Without the pictures, write out every entry that follows exactly.

──────── DATA FOR THIS TASK

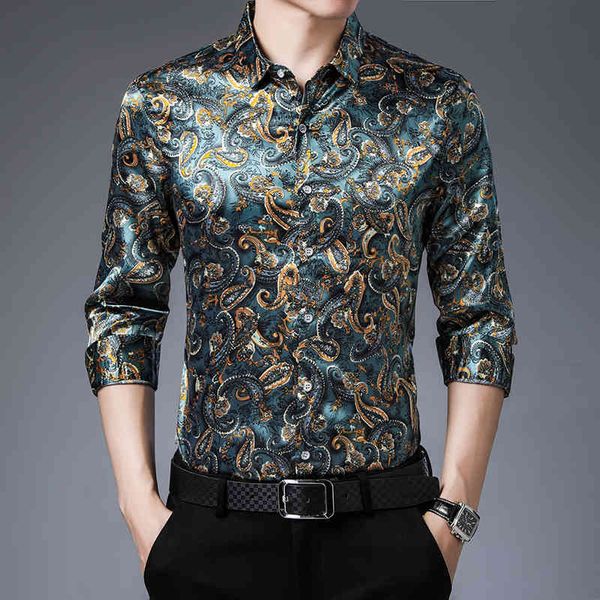 men's t-shirts unusual luxury vintage mens clothing silk shirt for satin green blouse with cashew flowers retro baroque blouses large s, White;black
men's t-shirts unusual luxury vintage mens clothing silk shirt for satin green blouse with cashew flowers retro baroque blouses large s, White;black
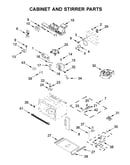 Cabinet and stirrer parts
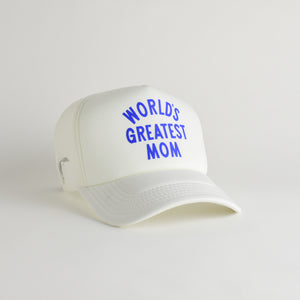 World's Greatest Mom Recycled Trucker Hat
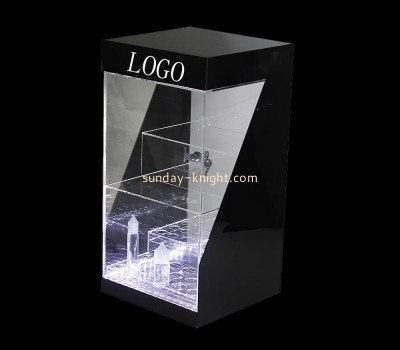 Custom acrylic black display cabinet with lights EDK-018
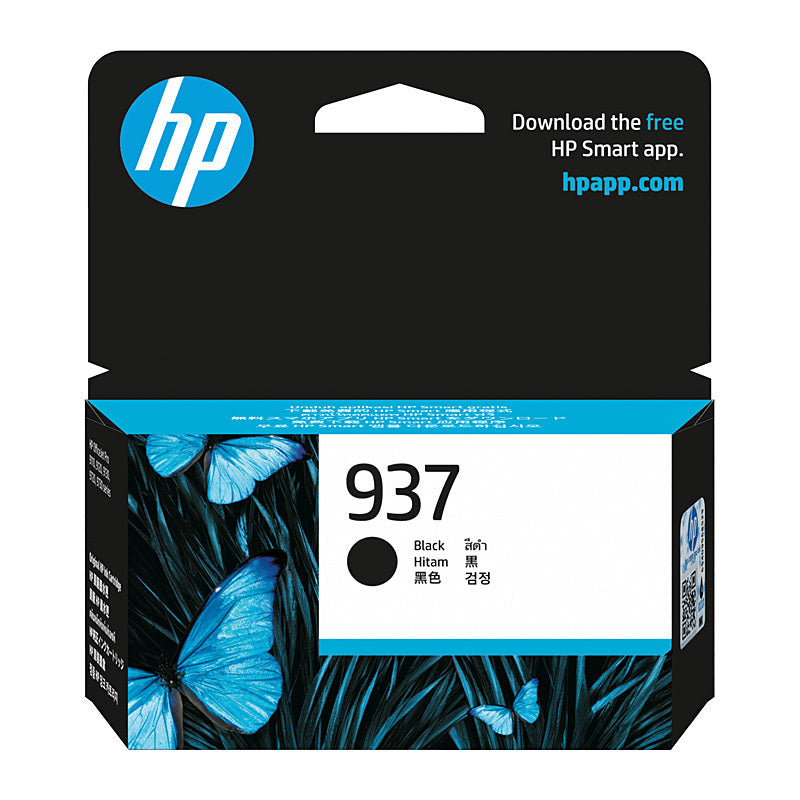 HP #937 Black Ink 4S6W5NA HP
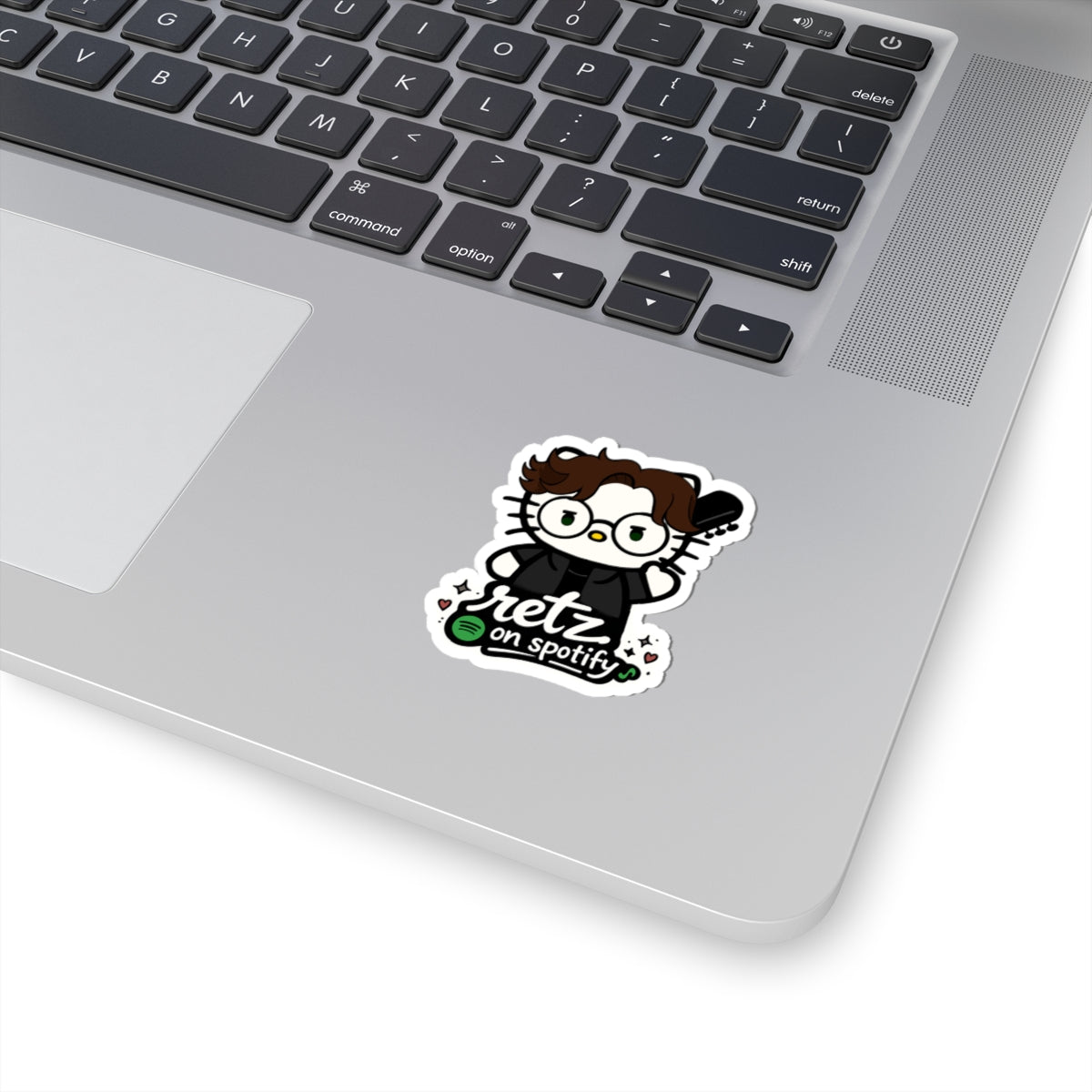 retz kitty spotify kisscut sticker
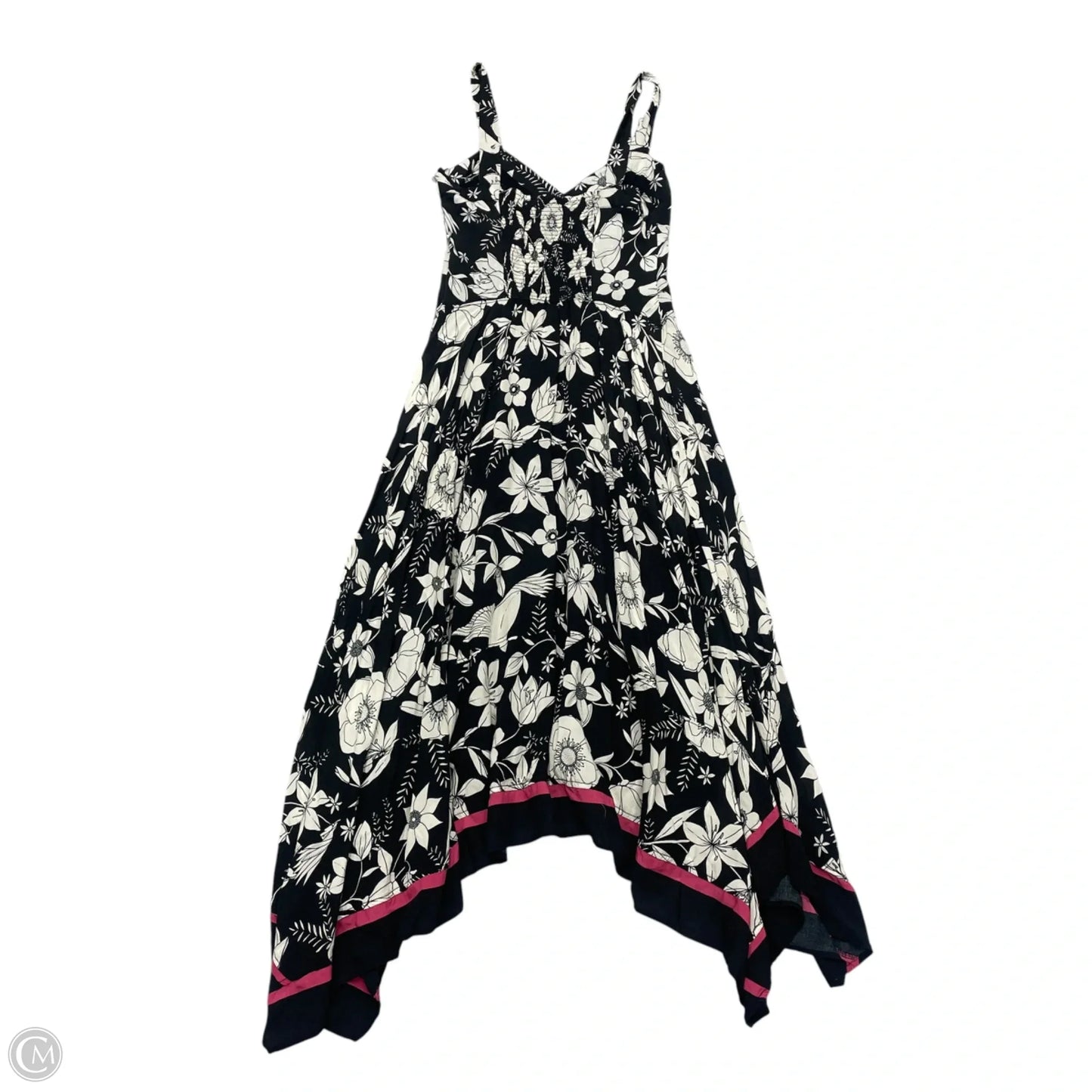 Dress Casual Midi By Maeve In Black & Cream, Size: S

────────────────

§ **OUTPUT FOR THIS EXERCISE**
 men's t-shirts unusual luxury vintage mens clothing silk shirt for satin green blouse with cashew flowers retro baroque blouses large s, White;black
men's t-shirts unusual luxury vintage mens clothing silk shirt for satin green blouse with cashew flowers retro baroque blouses large s, White;black
 Cabinet and stirrer parts
 World's Greatest Mom Recycled Trucker Hat
 Custom acrylic black display cabinet with lights EDK-018
 HP #937 Black Ink 4S6W5NA HP
 retz kitty spotify kisscut sticker
 Dress Casual Midi By Maeve In Black & Cream, Size: S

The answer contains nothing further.